La España de Franco fue, por el contrario, un aliado de Hitler y de Mussolini. Llegó en las manifestaciones de solidaridad con las potencias agresoras a la mayor insolencia. Felicitó a Hitler victorioso mediante despachos en que el entusiasmo era adulterado por la adulación y el servilismo. Celebró la caída de parís con ignominiosa alegría. Creó obstáculos y dificultades en Marruecos, pretendiendo apoderarse de Tánger, y alimentó a los submarinos alemanes e italianos en el Mediterráneo y en el Atlántico. Envió a Rusia la Legión Azul para dejar constancia de su intervención material en la guerra. Sometió al pueblo español a las privaciones más crueles en beneficio de los combatientes totalitarios. Y adonde no podían llegar las armas impotentes eran dirigidos el insulto y la procacidad. Todas las inepcias, todas las estolideces que la incomprensión del espíritu angloamericano sugirió a los ingenios más romos de los países latinos eran recogidos y recopiladas en artículos y panfletos. Se denigraba en las aulas a la revolución inglesa por su carácter hipócritamente puritano y tiránicamente anticatólico. Los Estados Unidos particularmente eran objeto de los ataques más soeces El sentido materialista e inferior de su civilización figuraba como un tema en los programas de la enseñanza secundaria. Otro tema era la inmoralidad financiera de la gran República. ¡Quién lo hubiera dicho a los excursionistas periféricos del Capitolio y a los plantadores y dueños de rebaños de la Florida y de Texas que se enternecen con las angustias del dictador español! Bien informados, no se hubieran dejado ganar por la superchería.

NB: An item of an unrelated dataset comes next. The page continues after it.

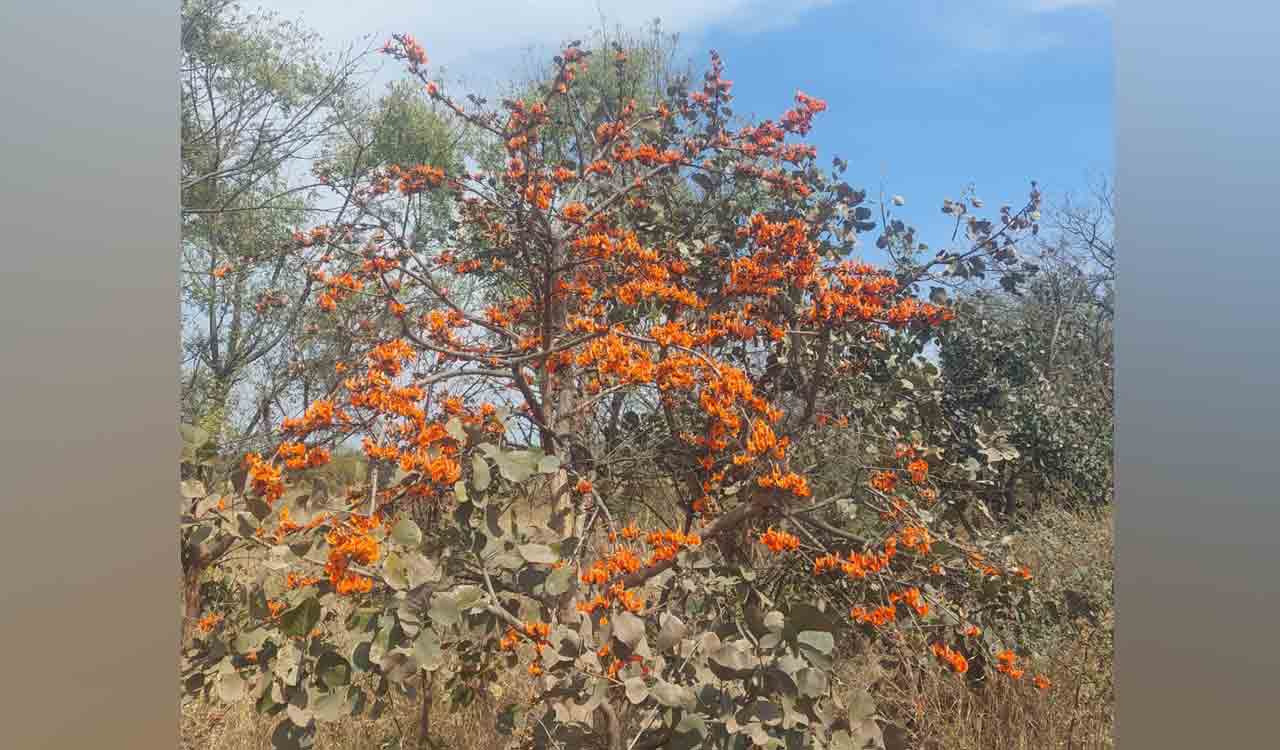 Telangana: Moduga Chettu blooms early in Sangareddy, Vikarabad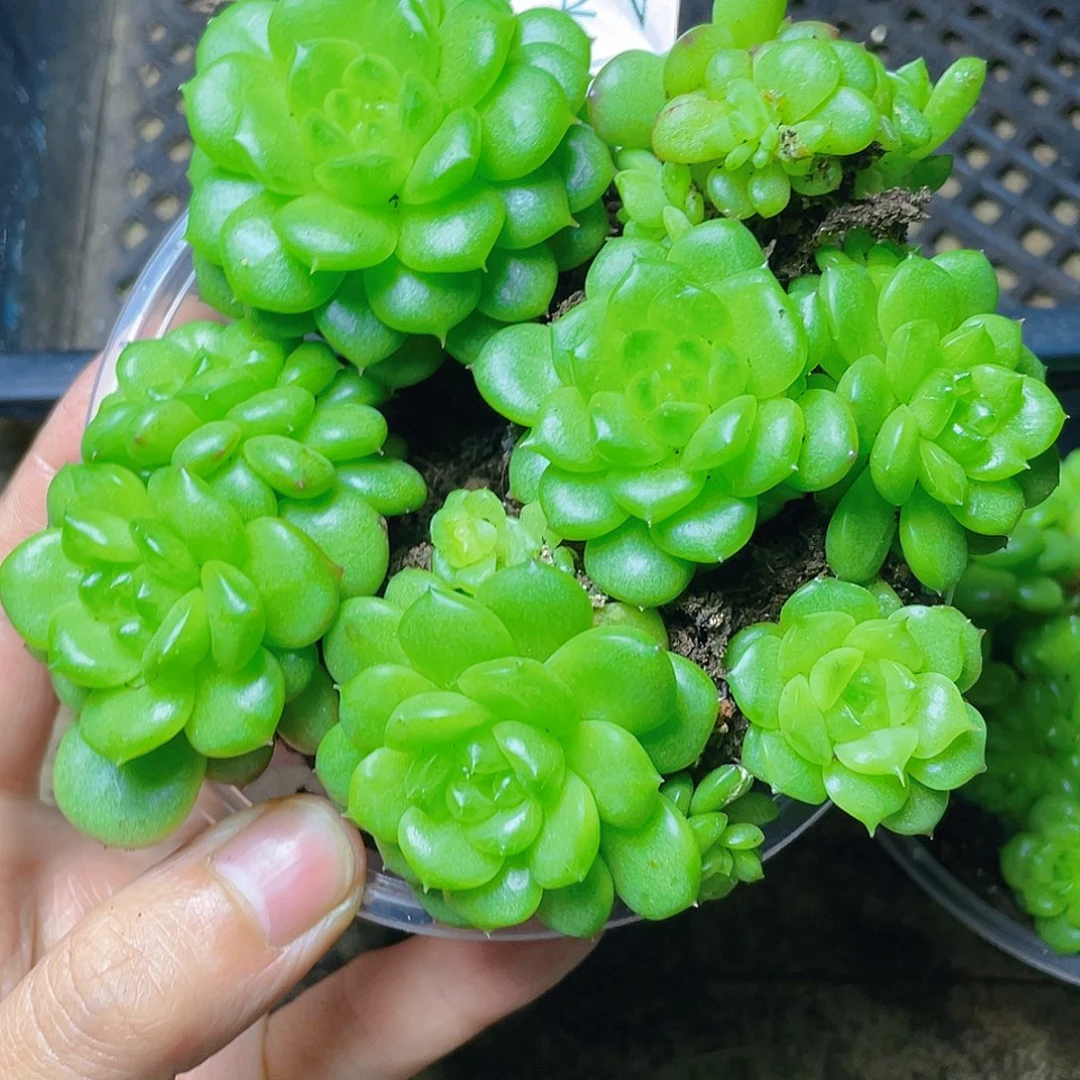 多肉植物多肉植物149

LOS ESTADOS UNIDOS FRENTE A LAS DEMOCRACIAS DE EUROPA
Europa ya no es la potencia material de otros tiempos, pero es todavía la cultura que sirve de fundamento espiritual al mundo contemporáneo. Políticamente, la Europa actual es el punto de confluencia de tres movimientos cuya savia no se ha agotado aún: el liberalismo británico, la democracia francesa y una nueva concepción de la historia debida a la filosofía alemana. Es la civilización hija del Renacimiento, de la Reforma y de la Revolución. España e Italia, aletargadas durante siglos, contribuyen al movimiento renovador del mundo con la profunda gestación de los ideales democráticos que florecen en el siglo de Castelar y de Mazzini. Y es esta civilización, en cuyo seno se han ido elaborando las doctrinas políticas y sociales que han prevalecido en la última centuria, la que opuso valladar insuperable a las fuerzas obscuras y tumultuosas que se lanzaron con Hitler y Mussolini, bajo el escudo da la barbarie gótica, al asalto de la conciencia moderna.
La misma civilización en que se embotaron, destructoras, pero impotentes, las armas de los grandes dictadores repele al epígono que señorea aún, con escándalo de la opinión universal, los destinos de España. De Churchill a Stalin, todos los votos de egregia calidad son contrarios a la dictadura abominable que esclaviza al pueblo español. Le son hostiles todos los partidos, no sólo los comunistas, sino los socialistas moderados, los republicanos burgueses, los liberales clásicos, los demócratas cristianos. Todos los gobiernos, desde las monarquías del norte, acrisoladas en la moral puritana y vivificadas por el socialismo humanista, hasta las democracias populares del centro y del mediodía, consideran el régimen fascista español como una monstruosa supervivencia. El propio Vaticano, sensible a la opinión dominante en la misma Italia, trata de ahuyentar al siniestro personaje que lo ronda como un espectro. Europa entera rechaza como a un cuerpo extraño, no ya ajeno a su vida política, moral, cultural y espiritual, sino perteneciente a un extinguido período geológico, al peligroso fósil que se dejó olvidado allende el Pirineo la victoria aliada.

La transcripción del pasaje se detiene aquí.